DESLOCAMENTO E EXPERIÊNCIA URBANA EM PAUL AUSTER

Rafaela Scardino Lima Pizzol

(UFES/FAPES)

Resumo: Os personagens de Paul Auster experimentam a cidade como "lugar nenhum" flutuante que impossibilita "identidades duráveis e bem costuradas", no dizer de Zygmunt Bauman. A partir de obras do autor americano e de teorias sociais sobre o espaço na pós-modernidade, buscamos analisar como se dá a encenação textual das relações entre os sujeitos pós-modernos e os deslocamentos no tempo/espaço.

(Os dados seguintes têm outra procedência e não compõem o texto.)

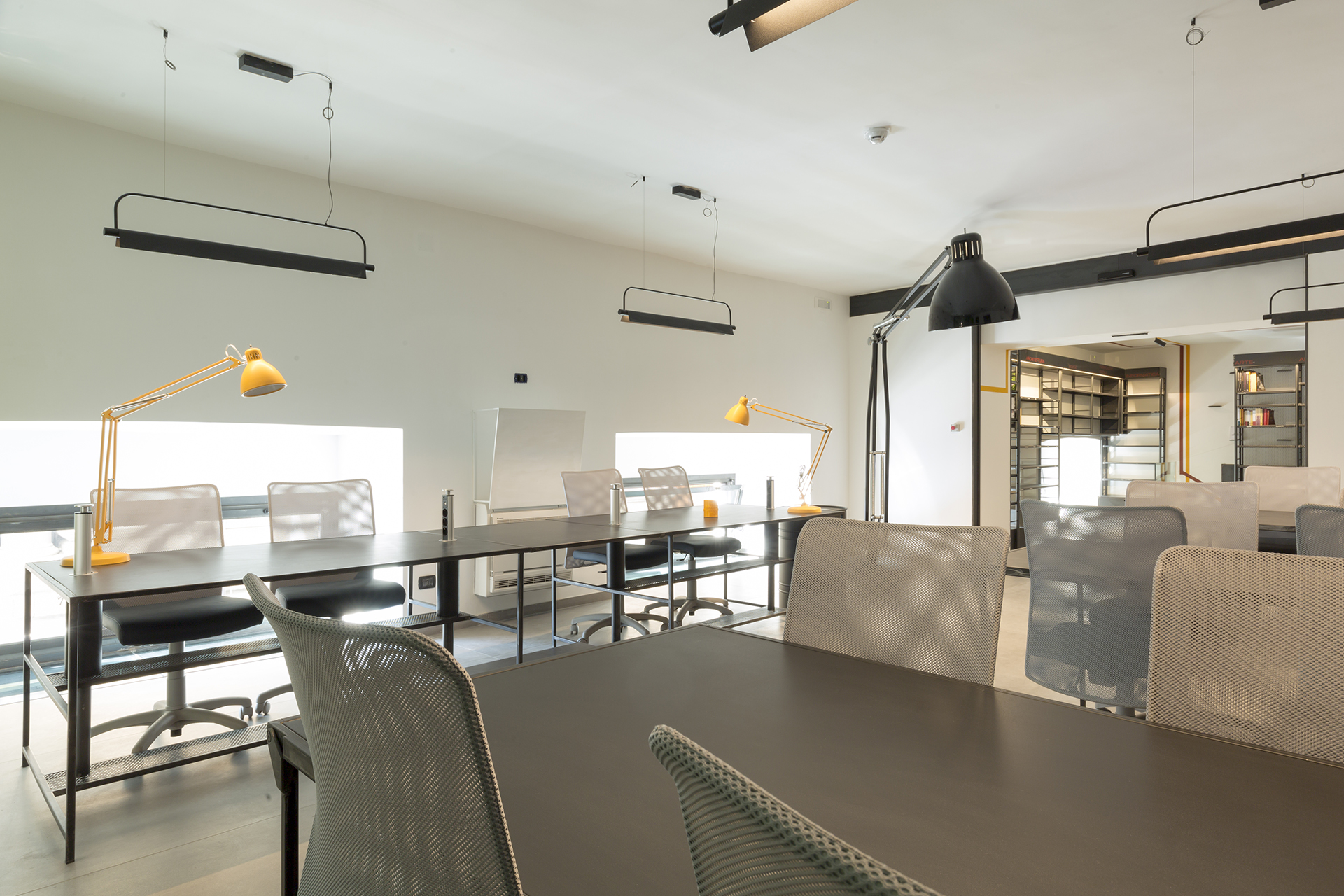 斯帕克创意中心-1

Palavras-chave: Paul Auster; Narrativa Contemporânea; Espaço Ficcional

Nas primeiras páginas de Cidade de vidro1, primeiro texto d’A trilogia de Nova

York, o protagonista Daniel Quinn é descrito a partir das ausências que o

constituem. É-nos dito que perdeu a mulher e o filho, que não tem um emprego

regular ou amigos. O que realmente lhe agrada são suas caminhadas pela cidade

— somos informados de que “mais que tudo (...) gostava de caminhar” (CV, p. 9-

10) —, devido ao “saudável vazio interior” (CV, p. 10) proporcionado por essa

atividade. Em seu deslocamento, buscava construir “lugar nenhum” (CV, p. 10),

efetuando um movimento centrífugo que o afastaria também de sua subjetividade

e de seus desejos.

Na tentativa de manter-se “na superfície de si mesmo” (CV, p. 73), Quinn volta-se

para o exterior, para a cidade, “um labirinto de caminhos intermináveis” (CV, p.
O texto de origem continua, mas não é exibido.